Description of the task: Give the number of lines in the data that hold the string "view". Nothing else is needed.

Dataset records:

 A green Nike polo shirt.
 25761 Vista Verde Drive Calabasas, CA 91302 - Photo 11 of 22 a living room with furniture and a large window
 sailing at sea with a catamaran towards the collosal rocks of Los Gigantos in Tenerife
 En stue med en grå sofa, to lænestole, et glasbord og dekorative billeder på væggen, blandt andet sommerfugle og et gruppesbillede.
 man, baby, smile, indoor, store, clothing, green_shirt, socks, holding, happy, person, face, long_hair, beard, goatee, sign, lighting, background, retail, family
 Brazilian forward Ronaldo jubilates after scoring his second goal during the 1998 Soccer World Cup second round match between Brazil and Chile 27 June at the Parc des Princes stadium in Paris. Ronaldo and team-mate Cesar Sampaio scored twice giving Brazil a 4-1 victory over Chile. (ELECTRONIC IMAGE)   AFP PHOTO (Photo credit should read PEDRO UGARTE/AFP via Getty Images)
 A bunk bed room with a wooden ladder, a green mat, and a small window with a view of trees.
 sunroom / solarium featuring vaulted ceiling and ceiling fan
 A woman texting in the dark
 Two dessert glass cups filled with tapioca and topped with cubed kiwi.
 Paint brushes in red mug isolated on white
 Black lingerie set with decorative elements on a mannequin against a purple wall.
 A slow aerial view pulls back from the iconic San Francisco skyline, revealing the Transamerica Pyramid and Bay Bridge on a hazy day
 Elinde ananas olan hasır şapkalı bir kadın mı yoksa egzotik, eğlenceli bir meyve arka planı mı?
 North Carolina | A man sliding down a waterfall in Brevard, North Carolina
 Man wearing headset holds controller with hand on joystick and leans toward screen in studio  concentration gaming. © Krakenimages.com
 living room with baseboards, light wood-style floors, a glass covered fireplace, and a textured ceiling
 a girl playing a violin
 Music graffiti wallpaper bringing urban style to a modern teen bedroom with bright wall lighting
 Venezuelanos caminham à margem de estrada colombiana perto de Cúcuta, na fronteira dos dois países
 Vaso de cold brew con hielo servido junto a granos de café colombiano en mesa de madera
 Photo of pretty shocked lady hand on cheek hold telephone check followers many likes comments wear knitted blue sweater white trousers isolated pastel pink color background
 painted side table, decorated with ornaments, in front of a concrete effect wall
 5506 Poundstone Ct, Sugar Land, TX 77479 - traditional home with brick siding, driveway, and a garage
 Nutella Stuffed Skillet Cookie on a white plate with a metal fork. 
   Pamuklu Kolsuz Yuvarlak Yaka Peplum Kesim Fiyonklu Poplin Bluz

Solution to this problem: 2